# Your goal:
Without the images, repeat every line of the listing exactly.

# Given information:
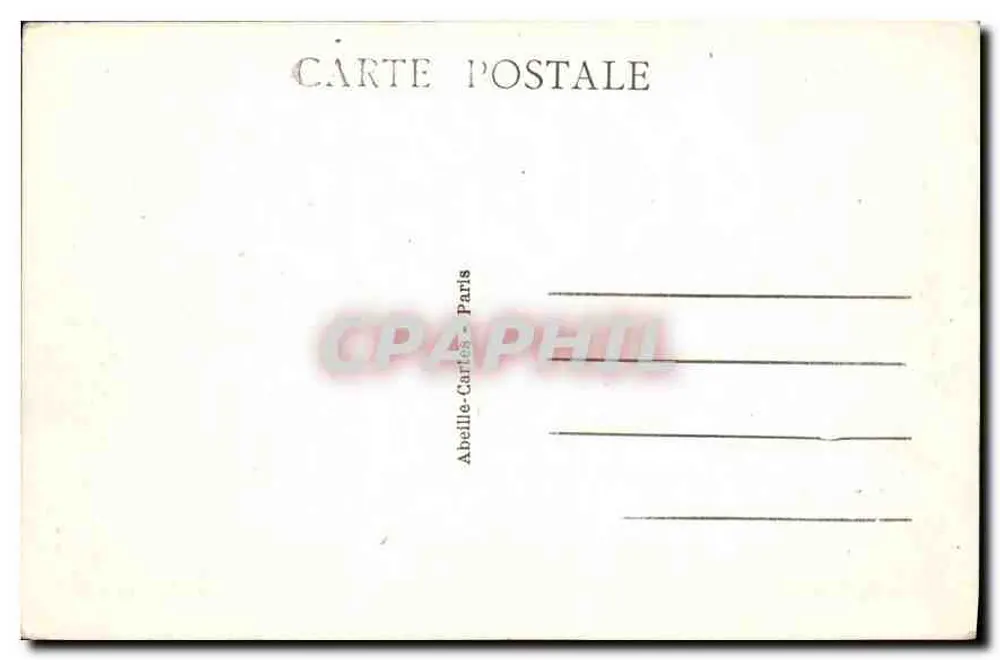 Paris — Praça da Concórdia — Panorama — A.C. 64 - Verso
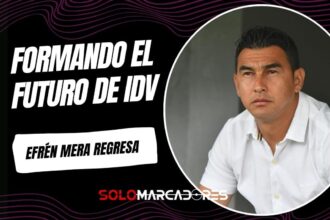 Efrén Mera regresa a Independiente del Valle: Del banquillo de LigaPro a las formativas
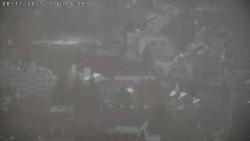 Humpolec z hradu Orlík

# Reply to the task:
 Paris — Praça da Concórdia — Panorama — A.C. 64 - Verso
 Efrén Mera regresa a Independiente del Valle: Del banquillo de LigaPro a las formativas
 Humpolec z hradu Orlík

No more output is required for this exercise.